> [Prompt]:
Once the line containing "Gothic Skull 9475-01" has been written out, stop; until then, restate each line of the entries below word for word from the first.

(Records from a data collection)
▬▬▬▬▬▬

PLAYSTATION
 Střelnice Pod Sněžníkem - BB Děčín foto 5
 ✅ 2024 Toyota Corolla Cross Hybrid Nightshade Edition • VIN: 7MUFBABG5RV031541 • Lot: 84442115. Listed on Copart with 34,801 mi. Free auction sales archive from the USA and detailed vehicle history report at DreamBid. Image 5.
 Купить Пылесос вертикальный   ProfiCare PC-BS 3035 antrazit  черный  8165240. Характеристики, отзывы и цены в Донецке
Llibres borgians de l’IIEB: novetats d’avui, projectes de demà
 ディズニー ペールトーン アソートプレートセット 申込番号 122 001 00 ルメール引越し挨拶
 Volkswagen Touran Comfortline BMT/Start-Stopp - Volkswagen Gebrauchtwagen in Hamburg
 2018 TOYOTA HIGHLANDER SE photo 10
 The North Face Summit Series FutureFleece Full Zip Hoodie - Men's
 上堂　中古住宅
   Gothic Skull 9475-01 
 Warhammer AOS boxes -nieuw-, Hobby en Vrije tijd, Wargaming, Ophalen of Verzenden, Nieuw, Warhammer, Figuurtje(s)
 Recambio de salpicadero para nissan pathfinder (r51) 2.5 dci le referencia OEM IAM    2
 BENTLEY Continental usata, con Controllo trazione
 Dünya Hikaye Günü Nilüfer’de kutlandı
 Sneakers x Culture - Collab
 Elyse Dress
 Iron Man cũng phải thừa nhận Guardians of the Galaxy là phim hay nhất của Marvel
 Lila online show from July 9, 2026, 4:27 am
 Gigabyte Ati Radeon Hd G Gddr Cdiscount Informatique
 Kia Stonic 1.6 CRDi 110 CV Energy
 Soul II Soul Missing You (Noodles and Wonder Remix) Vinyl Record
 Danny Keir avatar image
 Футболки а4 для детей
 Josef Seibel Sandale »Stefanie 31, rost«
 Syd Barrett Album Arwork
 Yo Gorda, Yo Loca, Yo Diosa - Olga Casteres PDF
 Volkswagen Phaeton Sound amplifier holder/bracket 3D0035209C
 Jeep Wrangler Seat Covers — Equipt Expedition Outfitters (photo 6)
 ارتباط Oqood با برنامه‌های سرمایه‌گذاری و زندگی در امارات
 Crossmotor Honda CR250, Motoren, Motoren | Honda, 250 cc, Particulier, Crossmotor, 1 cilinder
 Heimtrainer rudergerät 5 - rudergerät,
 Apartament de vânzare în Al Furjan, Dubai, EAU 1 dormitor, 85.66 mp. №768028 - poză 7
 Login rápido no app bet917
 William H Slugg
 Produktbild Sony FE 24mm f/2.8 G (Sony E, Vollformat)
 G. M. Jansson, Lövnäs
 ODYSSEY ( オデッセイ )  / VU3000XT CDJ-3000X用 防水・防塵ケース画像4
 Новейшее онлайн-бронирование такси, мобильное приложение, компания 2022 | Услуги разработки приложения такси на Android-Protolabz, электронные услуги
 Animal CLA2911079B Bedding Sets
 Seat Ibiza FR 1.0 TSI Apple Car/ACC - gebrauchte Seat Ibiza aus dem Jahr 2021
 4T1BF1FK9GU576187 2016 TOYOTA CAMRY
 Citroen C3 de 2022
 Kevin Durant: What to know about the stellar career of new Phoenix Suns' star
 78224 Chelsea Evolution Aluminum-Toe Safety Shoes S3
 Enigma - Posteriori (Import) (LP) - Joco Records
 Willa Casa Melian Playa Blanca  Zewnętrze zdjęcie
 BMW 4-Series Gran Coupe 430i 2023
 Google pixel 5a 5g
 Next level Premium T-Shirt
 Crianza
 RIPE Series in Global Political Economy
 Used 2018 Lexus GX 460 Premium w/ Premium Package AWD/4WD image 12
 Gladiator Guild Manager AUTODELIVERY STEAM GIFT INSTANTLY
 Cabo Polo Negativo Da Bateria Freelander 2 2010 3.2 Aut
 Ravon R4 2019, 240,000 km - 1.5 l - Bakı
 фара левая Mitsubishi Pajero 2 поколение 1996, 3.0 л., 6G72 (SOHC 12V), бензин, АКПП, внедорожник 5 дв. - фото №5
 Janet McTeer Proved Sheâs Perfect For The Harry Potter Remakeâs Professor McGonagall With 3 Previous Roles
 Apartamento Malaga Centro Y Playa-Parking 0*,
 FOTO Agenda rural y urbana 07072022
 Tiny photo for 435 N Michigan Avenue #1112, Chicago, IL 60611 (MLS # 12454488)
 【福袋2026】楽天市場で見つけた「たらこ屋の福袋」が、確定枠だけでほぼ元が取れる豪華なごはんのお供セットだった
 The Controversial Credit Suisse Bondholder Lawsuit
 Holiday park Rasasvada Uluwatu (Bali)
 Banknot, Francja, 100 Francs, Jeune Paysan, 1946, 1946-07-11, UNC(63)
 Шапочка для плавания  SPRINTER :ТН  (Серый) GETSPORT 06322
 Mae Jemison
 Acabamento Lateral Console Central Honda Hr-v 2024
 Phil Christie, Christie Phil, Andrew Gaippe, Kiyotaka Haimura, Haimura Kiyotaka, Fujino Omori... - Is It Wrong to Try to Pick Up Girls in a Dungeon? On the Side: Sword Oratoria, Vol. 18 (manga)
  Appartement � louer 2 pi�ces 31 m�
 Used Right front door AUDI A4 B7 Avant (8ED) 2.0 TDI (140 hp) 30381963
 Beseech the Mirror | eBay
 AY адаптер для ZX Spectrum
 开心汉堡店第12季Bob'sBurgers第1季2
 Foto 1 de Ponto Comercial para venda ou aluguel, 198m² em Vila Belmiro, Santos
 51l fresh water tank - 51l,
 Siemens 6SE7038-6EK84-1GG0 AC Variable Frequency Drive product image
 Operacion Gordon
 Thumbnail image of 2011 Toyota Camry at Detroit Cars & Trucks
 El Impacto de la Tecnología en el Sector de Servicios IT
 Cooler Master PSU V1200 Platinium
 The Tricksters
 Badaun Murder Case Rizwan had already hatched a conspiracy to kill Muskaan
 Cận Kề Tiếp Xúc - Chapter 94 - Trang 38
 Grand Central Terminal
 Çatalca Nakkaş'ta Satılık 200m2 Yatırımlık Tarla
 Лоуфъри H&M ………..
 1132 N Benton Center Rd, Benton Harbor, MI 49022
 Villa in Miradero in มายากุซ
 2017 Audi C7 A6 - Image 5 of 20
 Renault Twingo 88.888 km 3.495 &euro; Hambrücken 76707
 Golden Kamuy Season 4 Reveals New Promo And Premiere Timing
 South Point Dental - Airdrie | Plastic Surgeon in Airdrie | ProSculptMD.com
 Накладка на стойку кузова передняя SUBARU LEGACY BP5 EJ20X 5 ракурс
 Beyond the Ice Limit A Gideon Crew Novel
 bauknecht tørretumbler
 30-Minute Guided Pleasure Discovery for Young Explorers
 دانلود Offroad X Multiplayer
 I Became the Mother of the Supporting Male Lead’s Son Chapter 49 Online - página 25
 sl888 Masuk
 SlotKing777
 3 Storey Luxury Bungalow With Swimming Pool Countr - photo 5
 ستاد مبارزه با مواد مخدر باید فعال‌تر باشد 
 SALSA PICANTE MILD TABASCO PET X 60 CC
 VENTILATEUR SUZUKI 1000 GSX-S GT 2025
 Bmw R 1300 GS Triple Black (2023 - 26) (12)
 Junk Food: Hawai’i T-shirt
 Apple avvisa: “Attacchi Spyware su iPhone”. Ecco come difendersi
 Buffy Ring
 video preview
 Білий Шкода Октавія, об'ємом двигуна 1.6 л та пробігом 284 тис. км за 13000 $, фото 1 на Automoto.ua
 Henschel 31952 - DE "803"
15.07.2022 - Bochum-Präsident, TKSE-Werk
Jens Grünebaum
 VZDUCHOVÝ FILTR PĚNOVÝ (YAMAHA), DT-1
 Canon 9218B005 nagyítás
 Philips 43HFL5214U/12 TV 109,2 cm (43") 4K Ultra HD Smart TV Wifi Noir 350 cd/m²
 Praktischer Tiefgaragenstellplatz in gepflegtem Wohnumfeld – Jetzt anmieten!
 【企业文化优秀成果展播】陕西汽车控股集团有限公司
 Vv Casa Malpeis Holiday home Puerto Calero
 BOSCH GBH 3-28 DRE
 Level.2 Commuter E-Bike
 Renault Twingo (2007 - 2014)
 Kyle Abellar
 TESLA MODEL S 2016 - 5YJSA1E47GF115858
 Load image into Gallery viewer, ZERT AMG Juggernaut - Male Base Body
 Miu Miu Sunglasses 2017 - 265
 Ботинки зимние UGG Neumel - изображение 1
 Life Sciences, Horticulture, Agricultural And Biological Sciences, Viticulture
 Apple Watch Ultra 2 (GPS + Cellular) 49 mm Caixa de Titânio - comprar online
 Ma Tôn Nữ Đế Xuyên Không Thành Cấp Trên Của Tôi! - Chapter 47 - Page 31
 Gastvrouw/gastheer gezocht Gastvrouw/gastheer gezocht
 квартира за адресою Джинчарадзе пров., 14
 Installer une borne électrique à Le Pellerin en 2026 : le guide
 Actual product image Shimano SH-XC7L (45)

▬▬▬▬▬▬

> [Result for this exercise]:
PLAYSTATION
 Střelnice Pod Sněžníkem - BB Děčín foto 5
 ✅ 2024 Toyota Corolla Cross Hybrid Nightshade Edition • VIN: 7MUFBABG5RV031541 • Lot: 84442115. Listed on Copart with 34,801 mi. Free auction sales archive from the USA and detailed vehicle history report at DreamBid. Image 5.
 Купить Пылесос вертикальный   ProfiCare PC-BS 3035 antrazit  черный  8165240. Характеристики, отзывы и цены в Донецке
Llibres borgians de l’IIEB: novetats d’avui, projectes de demà
 ディズニー ペールトーン アソートプレートセット 申込番号 122 001 00 ルメール引越し挨拶
 Volkswagen Touran Comfortline BMT/Start-Stopp - Volkswagen Gebrauchtwagen in Hamburg
 2018 TOYOTA HIGHLANDER SE photo 10
 The North Face Summit Series FutureFleece Full Zip Hoodie - Men's
 上堂　中古住宅
   Gothic Skull 9475-01 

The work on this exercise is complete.